Edited by Richard J. Bautch and Jean-François Racine

                                                               Introduction

There are distinct challenges involved in articulating a hermeneutics of biblical aesthetics in the twenty-first century. Beauty and the Bible: Toward a Hermeneutics of Biblical Aesthetics is conceived as a response to three such challenges. First, the turn to subjectivity in the philosophy of the Enlightenment must be addressed in terms of its impact on the notion of beauty, biblical and otherwise. Immanuel Kant’s Critique of Judgment, for example, is crucial background for understanding modern aesthetic concepts like sublimity and for engaging approaches to the text, such as reader response, that are informed by critical theory. Critical theory in general has decentered aesthetics and highlighted the subject’s role in the determination of beauty. These developments are traced back to Kant and his impact on modern thought.

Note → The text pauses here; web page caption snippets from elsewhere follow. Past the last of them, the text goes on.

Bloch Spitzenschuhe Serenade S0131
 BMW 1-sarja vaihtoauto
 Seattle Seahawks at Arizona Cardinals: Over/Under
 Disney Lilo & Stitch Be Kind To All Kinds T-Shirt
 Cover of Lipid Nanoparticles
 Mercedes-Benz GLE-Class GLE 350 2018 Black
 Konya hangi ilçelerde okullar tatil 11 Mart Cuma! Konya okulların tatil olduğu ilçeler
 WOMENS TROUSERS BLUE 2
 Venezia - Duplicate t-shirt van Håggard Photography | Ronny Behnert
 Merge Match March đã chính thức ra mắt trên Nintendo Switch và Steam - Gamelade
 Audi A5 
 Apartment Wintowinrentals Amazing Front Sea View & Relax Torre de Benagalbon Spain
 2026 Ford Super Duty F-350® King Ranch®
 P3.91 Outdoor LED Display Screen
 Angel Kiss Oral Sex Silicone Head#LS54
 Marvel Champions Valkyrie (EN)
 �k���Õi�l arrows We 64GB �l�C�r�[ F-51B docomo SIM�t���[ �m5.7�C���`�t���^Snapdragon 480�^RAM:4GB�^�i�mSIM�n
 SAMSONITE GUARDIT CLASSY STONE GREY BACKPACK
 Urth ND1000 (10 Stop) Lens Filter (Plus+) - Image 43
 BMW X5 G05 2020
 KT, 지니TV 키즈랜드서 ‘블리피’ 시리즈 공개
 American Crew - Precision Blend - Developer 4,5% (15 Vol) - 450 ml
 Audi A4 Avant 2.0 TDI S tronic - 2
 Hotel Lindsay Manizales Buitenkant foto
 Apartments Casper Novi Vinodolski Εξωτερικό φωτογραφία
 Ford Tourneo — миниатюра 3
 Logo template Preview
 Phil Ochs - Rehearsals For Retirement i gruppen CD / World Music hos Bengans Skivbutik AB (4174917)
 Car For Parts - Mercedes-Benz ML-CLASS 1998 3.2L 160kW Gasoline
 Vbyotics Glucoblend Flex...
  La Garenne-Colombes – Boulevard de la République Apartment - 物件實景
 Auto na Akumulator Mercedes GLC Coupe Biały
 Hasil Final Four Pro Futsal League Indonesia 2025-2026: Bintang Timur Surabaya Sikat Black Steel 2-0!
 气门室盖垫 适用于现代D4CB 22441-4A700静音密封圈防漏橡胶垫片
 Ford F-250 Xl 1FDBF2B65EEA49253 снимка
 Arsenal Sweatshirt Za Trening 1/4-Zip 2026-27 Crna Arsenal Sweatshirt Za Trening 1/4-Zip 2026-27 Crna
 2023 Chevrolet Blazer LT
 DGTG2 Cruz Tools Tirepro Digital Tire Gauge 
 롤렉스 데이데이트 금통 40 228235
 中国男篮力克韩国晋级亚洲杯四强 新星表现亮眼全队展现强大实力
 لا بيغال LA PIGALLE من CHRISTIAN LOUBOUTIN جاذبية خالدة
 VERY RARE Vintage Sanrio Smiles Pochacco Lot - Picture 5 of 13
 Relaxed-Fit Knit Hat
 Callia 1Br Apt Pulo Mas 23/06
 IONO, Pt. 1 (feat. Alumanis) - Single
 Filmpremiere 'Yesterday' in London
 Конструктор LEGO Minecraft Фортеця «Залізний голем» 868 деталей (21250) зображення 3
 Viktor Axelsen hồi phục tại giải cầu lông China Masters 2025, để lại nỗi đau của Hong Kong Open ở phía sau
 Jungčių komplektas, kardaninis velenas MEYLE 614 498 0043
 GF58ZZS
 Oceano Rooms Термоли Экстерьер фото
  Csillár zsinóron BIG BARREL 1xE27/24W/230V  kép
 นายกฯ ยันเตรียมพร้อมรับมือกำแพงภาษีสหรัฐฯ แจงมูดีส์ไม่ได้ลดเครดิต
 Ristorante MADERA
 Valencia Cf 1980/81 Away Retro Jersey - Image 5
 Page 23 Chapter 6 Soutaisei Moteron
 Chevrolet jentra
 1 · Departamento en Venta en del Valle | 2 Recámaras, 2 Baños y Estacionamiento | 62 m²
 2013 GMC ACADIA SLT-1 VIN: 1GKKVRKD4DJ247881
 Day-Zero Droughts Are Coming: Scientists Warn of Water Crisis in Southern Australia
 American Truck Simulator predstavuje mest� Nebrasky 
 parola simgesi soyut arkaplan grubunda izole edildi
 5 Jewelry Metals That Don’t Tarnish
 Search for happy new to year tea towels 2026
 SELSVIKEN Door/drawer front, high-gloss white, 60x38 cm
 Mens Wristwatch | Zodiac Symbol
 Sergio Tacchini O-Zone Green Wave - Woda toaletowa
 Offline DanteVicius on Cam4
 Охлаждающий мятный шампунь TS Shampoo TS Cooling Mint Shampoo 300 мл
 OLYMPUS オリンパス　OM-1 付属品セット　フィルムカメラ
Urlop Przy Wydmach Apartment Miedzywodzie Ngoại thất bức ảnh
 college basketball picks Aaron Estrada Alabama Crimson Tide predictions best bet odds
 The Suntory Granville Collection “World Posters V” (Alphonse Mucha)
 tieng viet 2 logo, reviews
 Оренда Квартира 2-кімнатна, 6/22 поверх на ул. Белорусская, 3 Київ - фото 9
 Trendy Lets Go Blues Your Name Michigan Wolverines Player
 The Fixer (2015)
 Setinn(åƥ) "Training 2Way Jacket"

A second challenge relates to context, the aggregate of historical factors that prevent us from ever again conceiving of “art for art’s sake.” The composition of each biblical book, along with the history of its reception, is fraught with the minutiae of politics, economics, gender, and global interdependencies. These factors can create a context that is morally ambiguous with evidence of inequity, exploitation, and even atrocity. How does beauty function in such circumstances? Although there are many possibilities, lest beauty become the veneer that conceals all manner of inconvenient truths, it should be viewed through the lenses of new historicism, postcolonialism, and similar hermeneutics of suspicion. Such approaches attend to ideologies that may mark the biblical texts and their interpretation.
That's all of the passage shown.